EXERCISE INSTRUCTIONS:
Required from the data below: the exact lines starting at the line containing "Reel-viral Gothic Dark-style" and ending at the line containing "Sunset over Silo(Vergenes, Vermont)", with both ends kept and all pictures dropped.

DATA UNDER STUDY:
*** Begin section ***

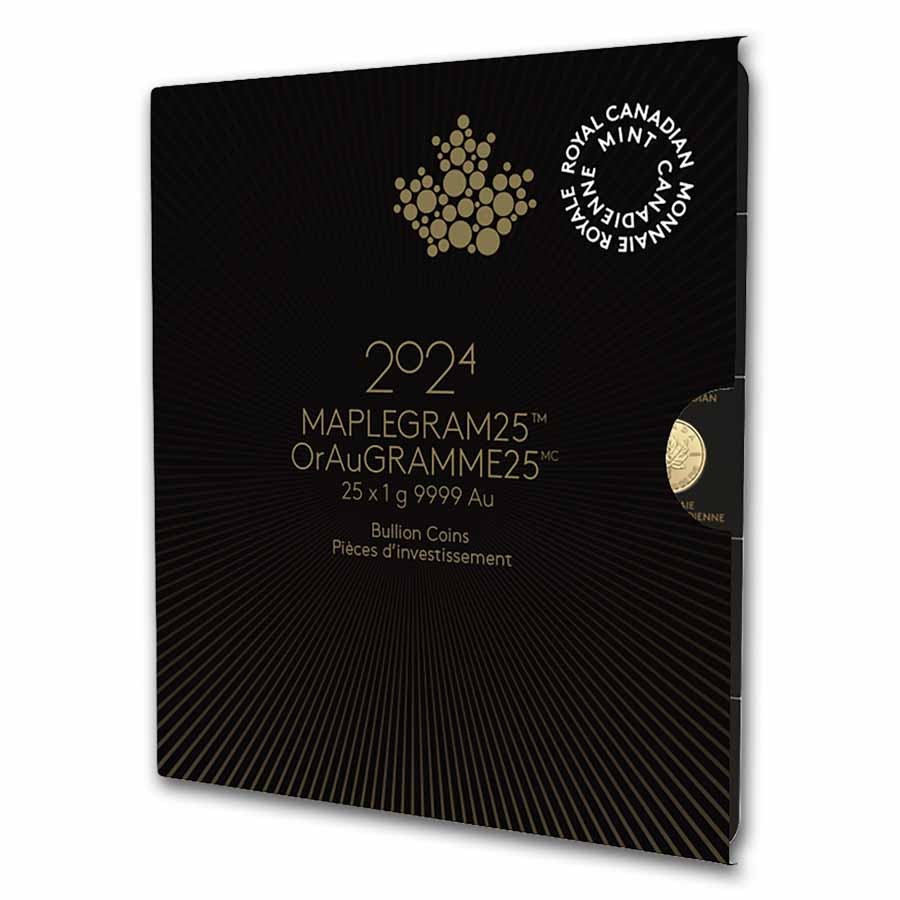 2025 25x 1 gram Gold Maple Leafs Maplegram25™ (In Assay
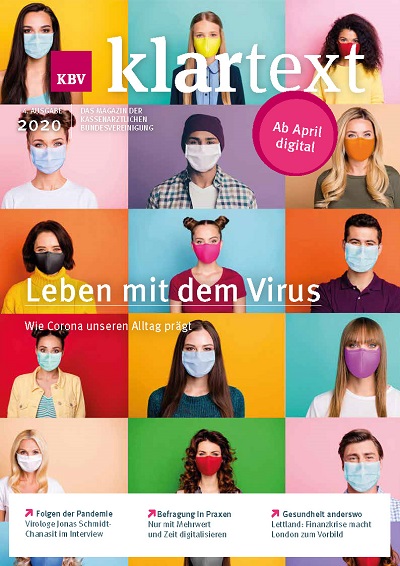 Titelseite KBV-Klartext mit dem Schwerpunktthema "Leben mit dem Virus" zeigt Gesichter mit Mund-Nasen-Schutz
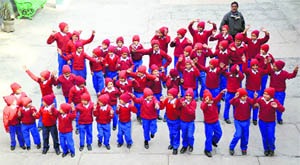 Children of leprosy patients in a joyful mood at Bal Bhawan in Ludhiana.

*** End section ***
*** Begin section ***

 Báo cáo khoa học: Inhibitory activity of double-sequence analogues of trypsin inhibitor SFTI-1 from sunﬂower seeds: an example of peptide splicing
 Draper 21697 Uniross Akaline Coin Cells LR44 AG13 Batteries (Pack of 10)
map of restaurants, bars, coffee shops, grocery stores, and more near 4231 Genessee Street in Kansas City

*** End section ***
*** Begin section ***

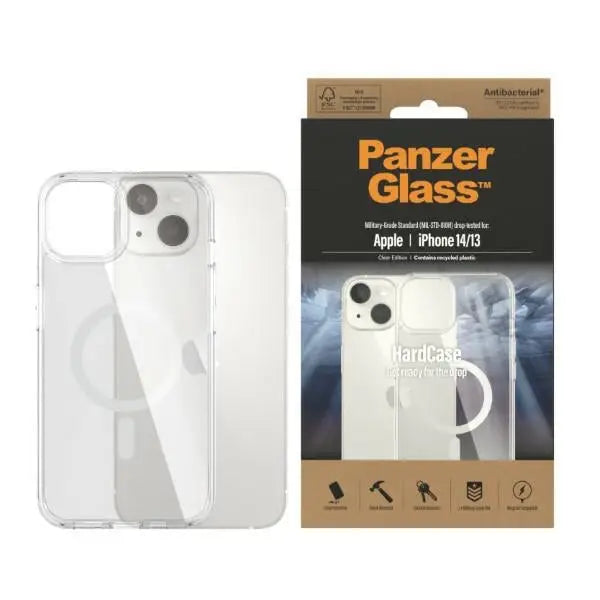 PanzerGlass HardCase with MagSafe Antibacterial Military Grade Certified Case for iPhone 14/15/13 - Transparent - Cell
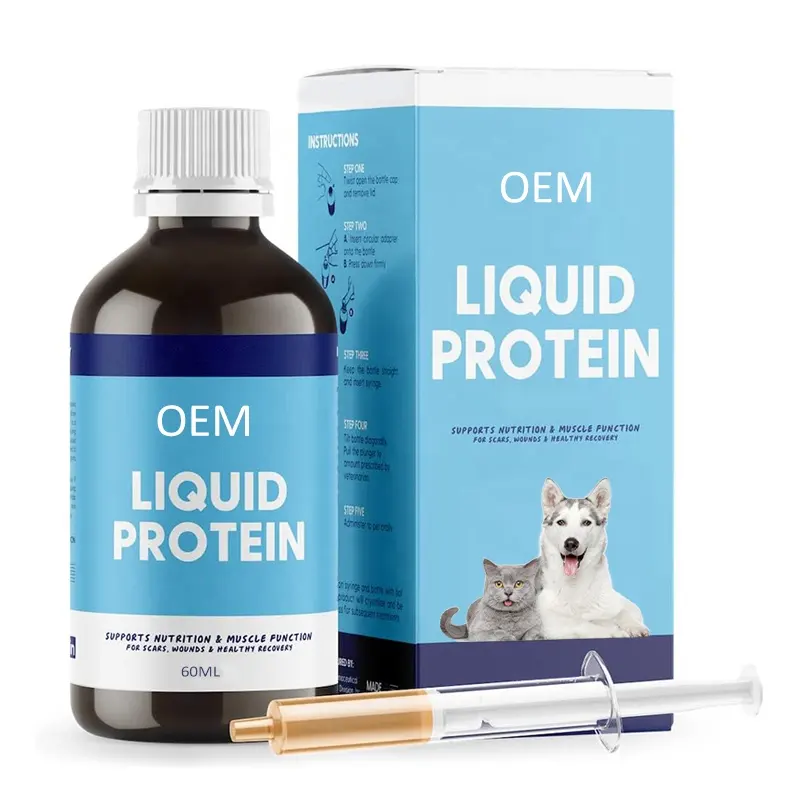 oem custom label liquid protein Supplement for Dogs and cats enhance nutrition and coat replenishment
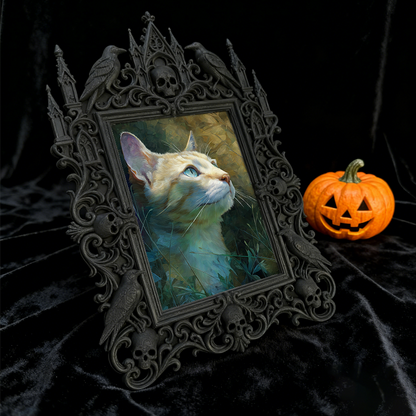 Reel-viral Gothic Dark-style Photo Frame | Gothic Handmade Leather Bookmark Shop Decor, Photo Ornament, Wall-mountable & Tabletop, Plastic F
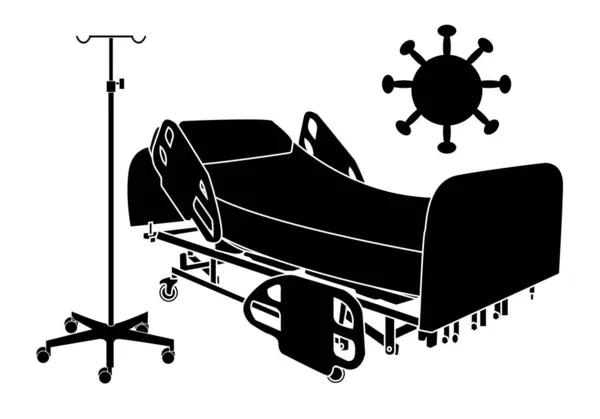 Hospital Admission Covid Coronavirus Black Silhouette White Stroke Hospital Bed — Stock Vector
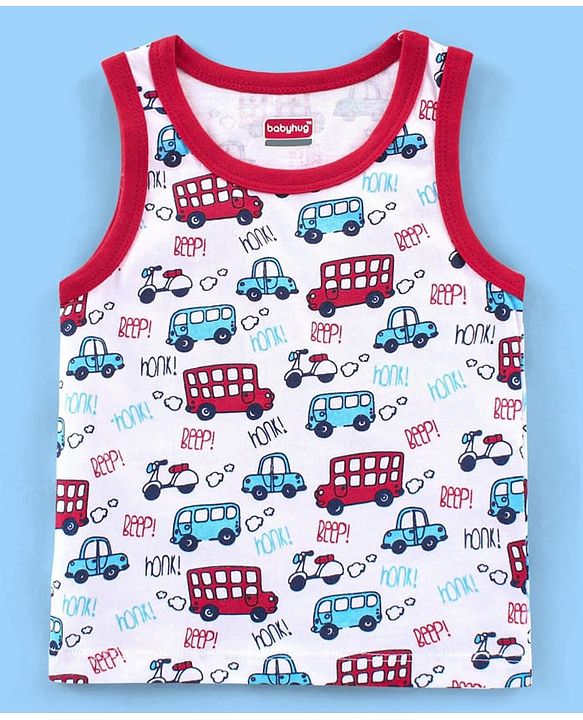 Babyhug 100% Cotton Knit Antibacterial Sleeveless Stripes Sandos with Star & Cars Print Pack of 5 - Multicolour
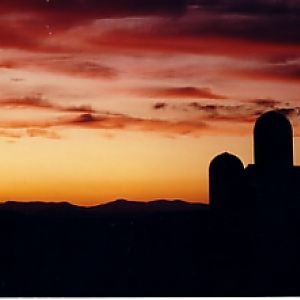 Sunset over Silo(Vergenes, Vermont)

*** End section ***

EXERCISE RESPONSE:
 Reel-viral Gothic Dark-style Photo Frame | Gothic Handmade Leather Bookmark Shop Decor, Photo Ornament, Wall-mountable & Tabletop, Plastic F
 Hospital Admission Covid Coronavirus Black Silhouette White Stroke Hospital Bed — Stock Vector
 Babyhug 100% Cotton Knit Antibacterial Sleeveless Stripes Sandos with Star & Cars Print Pack of 5 - Multicolour
 Sunset over Silo(Vergenes, Vermont)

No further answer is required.